_INSTRUCTIONS TO FOLLOW_
Show every line of the data that contains the string "Print".

_SUPPLIED MATERIAL_
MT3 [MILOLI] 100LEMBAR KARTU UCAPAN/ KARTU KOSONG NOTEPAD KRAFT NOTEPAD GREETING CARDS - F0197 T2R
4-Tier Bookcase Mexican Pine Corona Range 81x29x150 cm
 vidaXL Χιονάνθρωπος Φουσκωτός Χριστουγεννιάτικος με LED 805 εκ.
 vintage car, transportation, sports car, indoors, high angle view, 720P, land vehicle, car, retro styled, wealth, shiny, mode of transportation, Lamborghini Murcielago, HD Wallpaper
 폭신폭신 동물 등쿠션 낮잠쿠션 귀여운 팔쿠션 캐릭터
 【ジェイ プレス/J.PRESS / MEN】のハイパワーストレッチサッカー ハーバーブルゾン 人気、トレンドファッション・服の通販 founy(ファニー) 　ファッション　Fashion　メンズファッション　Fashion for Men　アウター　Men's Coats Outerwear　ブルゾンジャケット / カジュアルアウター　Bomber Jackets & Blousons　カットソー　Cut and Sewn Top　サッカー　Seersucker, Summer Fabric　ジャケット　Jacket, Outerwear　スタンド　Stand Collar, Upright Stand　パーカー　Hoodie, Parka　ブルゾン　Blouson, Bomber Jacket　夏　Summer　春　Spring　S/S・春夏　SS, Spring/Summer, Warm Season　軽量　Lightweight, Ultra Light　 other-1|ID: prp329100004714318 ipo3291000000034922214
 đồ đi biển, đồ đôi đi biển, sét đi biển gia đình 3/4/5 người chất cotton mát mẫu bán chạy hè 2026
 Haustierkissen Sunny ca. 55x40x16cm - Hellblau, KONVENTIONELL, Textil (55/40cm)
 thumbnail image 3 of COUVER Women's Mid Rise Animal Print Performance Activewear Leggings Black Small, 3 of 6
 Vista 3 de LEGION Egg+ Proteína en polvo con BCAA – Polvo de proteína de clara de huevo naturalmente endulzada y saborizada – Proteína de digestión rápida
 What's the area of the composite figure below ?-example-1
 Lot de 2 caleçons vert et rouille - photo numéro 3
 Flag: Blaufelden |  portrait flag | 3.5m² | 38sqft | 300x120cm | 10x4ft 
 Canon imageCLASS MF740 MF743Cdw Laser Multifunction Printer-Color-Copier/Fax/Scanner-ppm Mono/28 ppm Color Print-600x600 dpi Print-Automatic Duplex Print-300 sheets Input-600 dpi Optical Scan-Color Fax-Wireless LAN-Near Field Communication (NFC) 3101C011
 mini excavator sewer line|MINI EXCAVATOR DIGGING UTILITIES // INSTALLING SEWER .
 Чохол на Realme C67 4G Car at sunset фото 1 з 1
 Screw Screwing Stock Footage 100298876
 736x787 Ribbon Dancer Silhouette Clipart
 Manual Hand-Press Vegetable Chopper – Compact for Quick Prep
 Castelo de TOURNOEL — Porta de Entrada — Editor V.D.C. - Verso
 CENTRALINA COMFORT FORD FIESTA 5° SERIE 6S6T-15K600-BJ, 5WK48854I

_TASK SOLUTION_
 thumbnail image 3 of COUVER Women's Mid Rise Animal Print Performance Activewear Leggings Black Small, 3 of 6
 Canon imageCLASS MF740 MF743Cdw Laser Multifunction Printer-Color-Copier/Fax/Scanner-ppm Mono/28 ppm Color Print-600x600 dpi Print-Automatic Duplex Print-300 sheets Input-600 dpi Optical Scan-Color Fax-Wireless LAN-Near Field Communication (NFC) 3101C011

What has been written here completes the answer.